### [EXERCISE]
Word for word, write out all of the data below.

----- THE DATA -----

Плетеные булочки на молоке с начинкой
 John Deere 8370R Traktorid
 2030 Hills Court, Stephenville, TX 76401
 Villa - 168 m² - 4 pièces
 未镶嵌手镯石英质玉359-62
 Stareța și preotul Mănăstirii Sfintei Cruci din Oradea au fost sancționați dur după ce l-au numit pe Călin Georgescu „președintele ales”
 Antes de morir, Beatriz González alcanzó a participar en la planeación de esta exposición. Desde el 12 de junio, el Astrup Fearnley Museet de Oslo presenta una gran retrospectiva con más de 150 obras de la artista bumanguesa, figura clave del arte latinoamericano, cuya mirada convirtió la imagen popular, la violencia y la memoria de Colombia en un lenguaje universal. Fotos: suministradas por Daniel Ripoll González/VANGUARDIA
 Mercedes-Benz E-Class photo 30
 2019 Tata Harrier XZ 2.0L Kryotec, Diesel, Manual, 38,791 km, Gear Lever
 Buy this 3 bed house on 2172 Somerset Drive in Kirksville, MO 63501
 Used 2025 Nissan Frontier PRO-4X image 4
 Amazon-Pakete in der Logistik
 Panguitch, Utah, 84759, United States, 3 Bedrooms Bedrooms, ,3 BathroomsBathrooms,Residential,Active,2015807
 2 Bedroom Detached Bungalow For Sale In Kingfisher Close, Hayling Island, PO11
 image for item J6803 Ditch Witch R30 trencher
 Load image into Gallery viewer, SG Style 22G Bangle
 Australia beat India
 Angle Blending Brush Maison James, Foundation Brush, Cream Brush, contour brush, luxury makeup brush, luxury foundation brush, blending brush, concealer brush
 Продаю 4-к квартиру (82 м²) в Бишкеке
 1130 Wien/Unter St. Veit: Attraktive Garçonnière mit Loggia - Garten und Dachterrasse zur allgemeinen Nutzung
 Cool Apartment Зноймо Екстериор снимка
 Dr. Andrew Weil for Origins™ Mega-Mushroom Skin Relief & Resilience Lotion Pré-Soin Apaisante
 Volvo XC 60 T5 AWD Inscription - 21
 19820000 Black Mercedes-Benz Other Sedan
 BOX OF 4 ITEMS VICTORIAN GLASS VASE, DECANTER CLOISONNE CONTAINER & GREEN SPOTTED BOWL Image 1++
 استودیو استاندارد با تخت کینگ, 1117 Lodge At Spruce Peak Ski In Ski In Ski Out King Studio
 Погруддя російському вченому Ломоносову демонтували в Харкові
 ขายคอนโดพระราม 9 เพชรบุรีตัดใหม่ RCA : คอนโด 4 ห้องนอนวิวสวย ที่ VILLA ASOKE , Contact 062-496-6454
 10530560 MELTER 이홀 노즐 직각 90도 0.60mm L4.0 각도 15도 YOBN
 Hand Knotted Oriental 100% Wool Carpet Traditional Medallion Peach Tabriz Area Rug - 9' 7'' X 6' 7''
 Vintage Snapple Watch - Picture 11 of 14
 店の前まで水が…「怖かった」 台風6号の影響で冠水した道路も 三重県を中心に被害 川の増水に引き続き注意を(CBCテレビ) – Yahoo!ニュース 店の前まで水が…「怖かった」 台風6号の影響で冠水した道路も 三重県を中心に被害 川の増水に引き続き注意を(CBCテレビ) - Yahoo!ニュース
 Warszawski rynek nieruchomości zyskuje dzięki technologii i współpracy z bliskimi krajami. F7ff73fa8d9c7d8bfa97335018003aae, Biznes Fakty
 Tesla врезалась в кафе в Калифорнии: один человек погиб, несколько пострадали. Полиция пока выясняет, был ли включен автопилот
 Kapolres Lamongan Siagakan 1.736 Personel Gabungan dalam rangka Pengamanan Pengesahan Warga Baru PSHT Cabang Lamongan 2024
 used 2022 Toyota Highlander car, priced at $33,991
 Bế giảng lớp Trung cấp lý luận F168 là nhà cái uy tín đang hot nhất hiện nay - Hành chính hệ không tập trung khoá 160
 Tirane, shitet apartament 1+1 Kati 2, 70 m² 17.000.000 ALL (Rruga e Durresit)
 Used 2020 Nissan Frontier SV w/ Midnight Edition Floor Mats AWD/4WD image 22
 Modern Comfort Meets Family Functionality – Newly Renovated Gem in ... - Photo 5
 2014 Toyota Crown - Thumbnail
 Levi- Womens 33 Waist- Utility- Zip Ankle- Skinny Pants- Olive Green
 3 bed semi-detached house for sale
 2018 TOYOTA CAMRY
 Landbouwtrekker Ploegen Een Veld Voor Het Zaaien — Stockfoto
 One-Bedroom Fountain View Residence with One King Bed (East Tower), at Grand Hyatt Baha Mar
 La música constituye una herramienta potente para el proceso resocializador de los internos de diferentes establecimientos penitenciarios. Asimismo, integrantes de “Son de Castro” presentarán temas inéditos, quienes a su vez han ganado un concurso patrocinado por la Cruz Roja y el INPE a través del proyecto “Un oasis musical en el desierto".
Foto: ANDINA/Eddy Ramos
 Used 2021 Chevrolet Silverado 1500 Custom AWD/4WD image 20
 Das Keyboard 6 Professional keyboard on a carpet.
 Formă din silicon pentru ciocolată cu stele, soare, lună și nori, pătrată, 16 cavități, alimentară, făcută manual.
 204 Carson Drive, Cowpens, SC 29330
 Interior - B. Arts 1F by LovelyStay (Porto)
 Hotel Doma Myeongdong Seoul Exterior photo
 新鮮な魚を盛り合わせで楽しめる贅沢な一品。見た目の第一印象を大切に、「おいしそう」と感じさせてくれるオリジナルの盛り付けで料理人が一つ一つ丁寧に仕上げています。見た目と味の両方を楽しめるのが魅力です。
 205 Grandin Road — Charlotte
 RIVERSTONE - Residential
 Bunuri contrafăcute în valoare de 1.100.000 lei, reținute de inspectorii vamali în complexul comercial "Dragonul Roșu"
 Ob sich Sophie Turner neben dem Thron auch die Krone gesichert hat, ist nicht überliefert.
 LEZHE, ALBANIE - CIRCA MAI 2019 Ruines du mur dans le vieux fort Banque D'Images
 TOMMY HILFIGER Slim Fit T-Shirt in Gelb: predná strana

-----

### [EXERCISE RESPONSE]
Плетеные булочки на молоке с начинкой
 John Deere 8370R Traktorid
 2030 Hills Court, Stephenville, TX 76401
 Villa - 168 m² - 4 pièces
 未镶嵌手镯石英质玉359-62
 Stareța și preotul Mănăstirii Sfintei Cruci din Oradea au fost sancționați dur după ce l-au numit pe Călin Georgescu „președintele ales”
 Antes de morir, Beatriz González alcanzó a participar en la planeación de esta exposición. Desde el 12 de junio, el Astrup Fearnley Museet de Oslo presenta una gran retrospectiva con más de 150 obras de la artista bumanguesa, figura clave del arte latinoamericano, cuya mirada convirtió la imagen popular, la violencia y la memoria de Colombia en un lenguaje universal. Fotos: suministradas por Daniel Ripoll González/VANGUARDIA
 Mercedes-Benz E-Class photo 30
 2019 Tata Harrier XZ 2.0L Kryotec, Diesel, Manual, 38,791 km, Gear Lever
 Buy this 3 bed house on 2172 Somerset Drive in Kirksville, MO 63501
 Used 2025 Nissan Frontier PRO-4X image 4
 Amazon-Pakete in der Logistik
 Panguitch, Utah, 84759, United States, 3 Bedrooms Bedrooms, ,3 BathroomsBathrooms,Residential,Active,2015807
 2 Bedroom Detached Bungalow For Sale In Kingfisher Close, Hayling Island, PO11
 image for item J6803 Ditch Witch R30 trencher
 Load image into Gallery viewer, SG Style 22G Bangle
 Australia beat India
 Angle Blending Brush Maison James, Foundation Brush, Cream Brush, contour brush, luxury makeup brush, luxury foundation brush, blending brush, concealer brush
 Продаю 4-к квартиру (82 м²) в Бишкеке
 1130 Wien/Unter St. Veit: Attraktive Garçonnière mit Loggia - Garten und Dachterrasse zur allgemeinen Nutzung
 Cool Apartment Зноймо Екстериор снимка
 Dr. Andrew Weil for Origins™ Mega-Mushroom Skin Relief & Resilience Lotion Pré-Soin Apaisante
 Volvo XC 60 T5 AWD Inscription - 21
 19820000 Black Mercedes-Benz Other Sedan
 BOX OF 4 ITEMS VICTORIAN GLASS VASE, DECANTER CLOISONNE CONTAINER & GREEN SPOTTED BOWL Image 1++
 استودیو استاندارد با تخت کینگ, 1117 Lodge At Spruce Peak Ski In Ski In Ski Out King Studio
 Погруддя російському вченому Ломоносову демонтували в Харкові
 ขายคอนโดพระราม 9 เพชรบุรีตัดใหม่ RCA : คอนโด 4 ห้องนอนวิวสวย ที่ VILLA ASOKE , Contact 062-496-6454
 10530560 MELTER 이홀 노즐 직각 90도 0.60mm L4.0 각도 15도 YOBN
 Hand Knotted Oriental 100% Wool Carpet Traditional Medallion Peach Tabriz Area Rug - 9' 7'' X 6' 7''
 Vintage Snapple Watch - Picture 11 of 14
 店の前まで水が…「怖かった」 台風6号の影響で冠水した道路も 三重県を中心に被害 川の増水に引き続き注意を(CBCテレビ) – Yahoo!ニュース 店の前まで水が…「怖かった」 台風6号の影響で冠水した道路も 三重県を中心に被害 川の増水に引き続き注意を(CBCテレビ) - Yahoo!ニュース
 Warszawski rynek nieruchomości zyskuje dzięki technologii i współpracy z bliskimi krajami. F7ff73fa8d9c7d8bfa97335018003aae, Biznes Fakty
 Tesla врезалась в кафе в Калифорнии: один человек погиб, несколько пострадали. Полиция пока выясняет, был ли включен автопилот
 Kapolres Lamongan Siagakan 1.736 Personel Gabungan dalam rangka Pengamanan Pengesahan Warga Baru PSHT Cabang Lamongan 2024
 used 2022 Toyota Highlander car, priced at $33,991
 Bế giảng lớp Trung cấp lý luận F168 là nhà cái uy tín đang hot nhất hiện nay - Hành chính hệ không tập trung khoá 160
 Tirane, shitet apartament 1+1 Kati 2, 70 m² 17.000.000 ALL (Rruga e Durresit)
 Used 2020 Nissan Frontier SV w/ Midnight Edition Floor Mats AWD/4WD image 22
 Modern Comfort Meets Family Functionality – Newly Renovated Gem in ... - Photo 5
 2014 Toyota Crown - Thumbnail
 Levi- Womens 33 Waist- Utility- Zip Ankle- Skinny Pants- Olive Green
 3 bed semi-detached house for sale
 2018 TOYOTA CAMRY
 Landbouwtrekker Ploegen Een Veld Voor Het Zaaien — Stockfoto
 One-Bedroom Fountain View Residence with One King Bed (East Tower), at Grand Hyatt Baha Mar
 La música constituye una herramienta potente para el proceso resocializador de los internos de diferentes establecimientos penitenciarios. Asimismo, integrantes de “Son de Castro” presentarán temas inéditos, quienes a su vez han ganado un concurso patrocinado por la Cruz Roja y el INPE a través del proyecto “Un oasis musical en el desierto".
Foto: ANDINA/Eddy Ramos
 Used 2021 Chevrolet Silverado 1500 Custom AWD/4WD image 20
 Das Keyboard 6 Professional keyboard on a carpet.
 Formă din silicon pentru ciocolată cu stele, soare, lună și nori, pătrată, 16 cavități, alimentară, făcută manual.
 204 Carson Drive, Cowpens, SC 29330
 Interior - B. Arts 1F by LovelyStay (Porto)
 Hotel Doma Myeongdong Seoul Exterior photo
 新鮮な魚を盛り合わせで楽しめる贅沢な一品。見た目の第一印象を大切に、「おいしそう」と感じさせてくれるオリジナルの盛り付けで料理人が一つ一つ丁寧に仕上げています。見た目と味の両方を楽しめるのが魅力です。
 205 Grandin Road — Charlotte
 RIVERSTONE - Residential
 Bunuri contrafăcute în valoare de 1.100.000 lei, reținute de inspectorii vamali în complexul comercial "Dragonul Roșu"
 Ob sich Sophie Turner neben dem Thron auch die Krone gesichert hat, ist nicht überliefert.
 LEZHE, ALBANIE - CIRCA MAI 2019 Ruines du mur dans le vieux fort Banque D'Images
 TOMMY HILFIGER Slim Fit T-Shirt in Gelb: predná strana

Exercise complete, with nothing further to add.